Here we will use linear discriminant analysis to classify and model the unbalanced data. We also want to determine if it performs better than logistic regression and naive Bayes.
lda_mod = train(
form = Profit ~ Discount + Sales + Region + Processing.Time + Sub.Category,
data = df_trn,
trControl = trainControl(method = "cv", number = 5),
method = "lda"
)
lda_mod
## Linear Discriminant Analysis
##
## 6682 samples
## 5 predictor
## 2 classes: 'Negative', 'Positive'
##
## No pre-processing
## Resampling: Cross-Validated (5 fold)
## Summary of sample sizes: 5344, 5346, 5346, 5346, 5346
## Resampling results:
##
## Accuracy Kappa
## 0.9429813 0.7962111
Predict and display confusion matrix.
lda.probs <- predict(lda_mod, df_tst)
levels = c("Positive", "Negative")
cm <- as.matrix(table(lda.probs , Profit.2017)[levels,levels])
cm
## Profit.2017
## lda.probs Positive Negative
## Positive 2665 161
## Negative 27 459
Calculate evaluation metrics:
calc_metrics(cm)
## [1] "Accuracy 0.943236714975845"
## [1] "Precision: "
## Positive Negative
## 0.9899703 0.7403226
## [1] "Recall: "
## Positive Negative
## 0.9430290 0.9444444
## [1] "F1 score: "
## Positive Negative
## 0.9659297 0.8300181
roc.curve(Profit.2017, lda.probs, plotit = F)

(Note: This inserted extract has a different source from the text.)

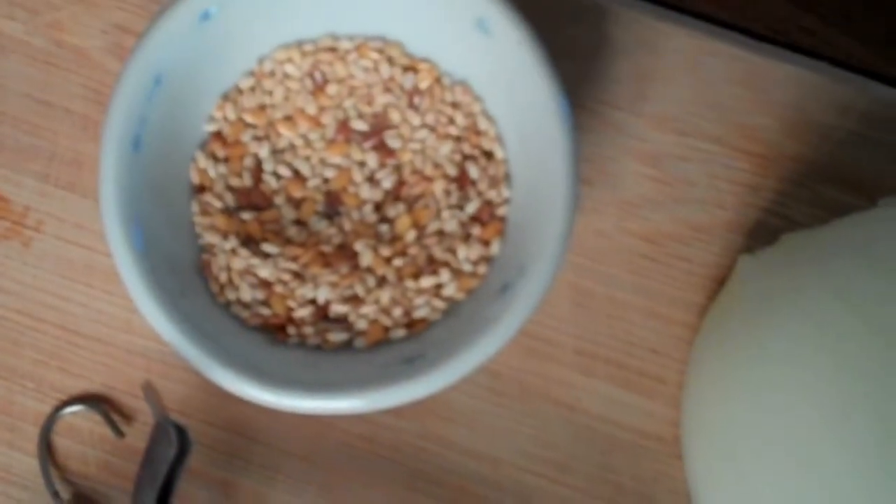So if you've got hot dogs, throw that in there — it's all good. And the very last bit, I'm going to go ahead and garnish with a sliced egg and then some more sesame seeds just for a little bit more crunch and texture.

## Area under the curve (AUC): 0.865
The evaluation metrics are as good as those for linear regression and Bayes classifier on unbalanced data.
Finally,for the sake of completeness we use quadratic discriminant analysis to train the classification model.
qda_mod = train(
form = Profit ~ Discount + Sales + Region + Processing.Time,
data = df_trn,
trControl = trainControl(method = "cv", number = 5),
method = "qda"
)
qda_mod
## Quadratic Discriminant Analysis
##
## 6682 samples
## 4 predictor
## 2 classes: 'Negative', 'Positive'
##
## No pre-processing
## Resampling: Cross-Validated (5 fold)
## Summary of sample sizes: 5345, 5346, 5346, 5345, 5346
## Resampling results:
##
## Accuracy Kappa
## 0.9346014 0.7655044
In the same way as with the Bayes classifier, we have dropped the feature Sub.Category given an error in the training.
Predict and display confusion matrix:
qda.probs <- predict(qda_mod, df_tst)
levels = c("Positive", "Negative")
cm <- as.matrix(table(qda.probs , Profit.2017)[levels,levels])
cm
## Profit.2017
## qda.probs Positive Negative
## Positive 2656 179
## Negative 36 441
Calculate evaluation metrics:
calc_metrics(cm)
## [1] "Accuracy 0.935084541062802"
## [1] "Precision: "
## Positive Negative
## 0.9866270 0.7112903
## [1] "Recall: "
## Positive Negative
## 0.9368607 0.9245283
## [1] "F1 score: "
## Positive Negative
## 0.9611001 0.8040109
roc.curve(Profit.2017, qda.probs, plotit = F)
## Area under the curve (AUC): 0.849
Again, this model behaves similarly to the previously trained one on the unbalanced data. The AUC score is good enough to say the model achieves a good classification performance.